もちろん、夫からは「お願いされていないし、そもそも求められていない」と頭では理解しています。
なのに、夫に対する憤りまで感じてしまっていました。
このままではうまくいかない。
そう思い、家事は私にとって必要なもの。
「二人のため」でなく「自分のため」に、自分が納得できるところまでやればいい。
そう思って「自分と家事の心地よい距離感」を意識して、一年間家事と向き合いました。
(上に書いた通り、自分の「体調改善のため」の仕組みを作りでひたすら自分と向き合いました)
“快適に暮らす”ために、ねぎらい合える関係でいたい
なぜ、自分を追い込んでまで家事をしてしまうのか?
なぜ、二人暮らしなのに家事を自分の仕事と考えてしまって、夫に頼れないのか?
一年間の取り組みで、「自分と家事の心地よい距離感」がつかめるようになりました。
同時に、夫からのねぎらいの言葉が欲しい、と思うようになりました。
以前の恨みがましい気持ちからではなく、私が気持ちよく家事をする環境のために、言葉が欲しい。

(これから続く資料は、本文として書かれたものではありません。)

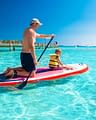 Domaine de Bagheera, Experience, A father and his young son have fun on a paddleboard on Santa Gulia beach, in Corsica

伝えるには勇気が必要でしたが、一年間自分の失ってしまった感情を取り戻す取り組みもしていたので、そんな自分のために伝えました。
「家事は私が“したい”からやっている。
一年間私なりに取り組みました。
でも、もし私が家事をすることで、何らかの良い影響があるのなら、
それを“当然”とは思わずに、ねぎらいの言葉が欲しい」
夫の返事は、こんな内容でした。
- 生活を快適にできていることへの感謝と、それに対する言葉が少なかった反省
- 「今日は体調が悪い」「家事したくない」と思ったら連絡してほしい。自分に頼ってほしい
- そもそも「全ての家事をしたくない」でもいい。その時は、一緒に方法を考えればいい
と言われました。
私の家事との折り合いを見て、負担になっているのなら根本から解決したい。
そう考えてくれる夫に感謝の気持ちでいっぱいになりました。
でも、私は自分のために家事を“したい”のです。
ただ、不調の時でも無理してしまう癖がなかなか抜けずに、優しい夫に頼れない。
そのことが歯がゆいですが、でも「頼っていい」の言葉が嬉しい。
だから、少し時間はかかるかもしれないけれど、夫に頼れる自分になりたい。
今は、そんな自分に気付くことができたので、「本当に今、家事をしたいの?」と、自分に毎回問いかけながら取り組んでいます。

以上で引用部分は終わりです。